By Kathleen Scalise, Media Relations

Berkeley - Whether your heart belongs to anyone this Valentine's Day may depend on what happened the first time you fell in love.

This new finding, by University of California, Berkeley, graduate student Jennifer Beer, challenges the notion commonly held since Freud that the stability of the parent-child relationship sets the stage for attachment later in life.

With romance, said Beer, "Some of the problems you have in the romantic domain may have more to do with your first love than with your parents." She based her work on the first-love stories of 303 UC Berkeley undergraduates, mostly juniors, collected in 1997.

By "first love," Beer doesn't mean a childhood crush on a teacher or movie star, but the first real relationship of a romantic nature between two individuals, often experienced in adolescence or early adult years.
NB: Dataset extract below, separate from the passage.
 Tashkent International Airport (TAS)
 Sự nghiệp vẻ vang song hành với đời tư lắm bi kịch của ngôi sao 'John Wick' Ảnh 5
Those who remember the experience positively are more likely to consider themselves securely attached to their current romantic partners, she said, and to perceive their romantic partners as securely attached to them.

She now is looking at how such recent and distant "vivid" representations of self and partner are stored in different memory systems in the brain and what this might reveal about self-perception.

"Vivid memories are very detailed, self-defining, something you recall a lot, stories and anecdotes you dwell on or tell all the time," Beer said.

In the case of first love, such memories often range from bittersweet but fond - perhaps recollections of a poignant puppy love tinged with regard or regret for a long-ago sweetheart - to deeply painful, soul-crushing experiences.

Whatever happened, "it can set you up as thinking, 'This is what I am like as a relationship partner,' " Beer said.

People who recollect their first romantic experience as involving good feelings, for instance, citing memories of happiness, excitement, strength, inspiration, pride and enthusiasm, were more likely to be in stable relationships years later than those recalling hostility, upset, stress, guilt, fright or shame, Beer found.

"First love relationships often break up. So people say, 'What do you mean, good feelings? It was a breakup,' " she said. "But even though the relationship ended, which seems like it might be negative, the vivid memories surrounding the experience can be good or bad."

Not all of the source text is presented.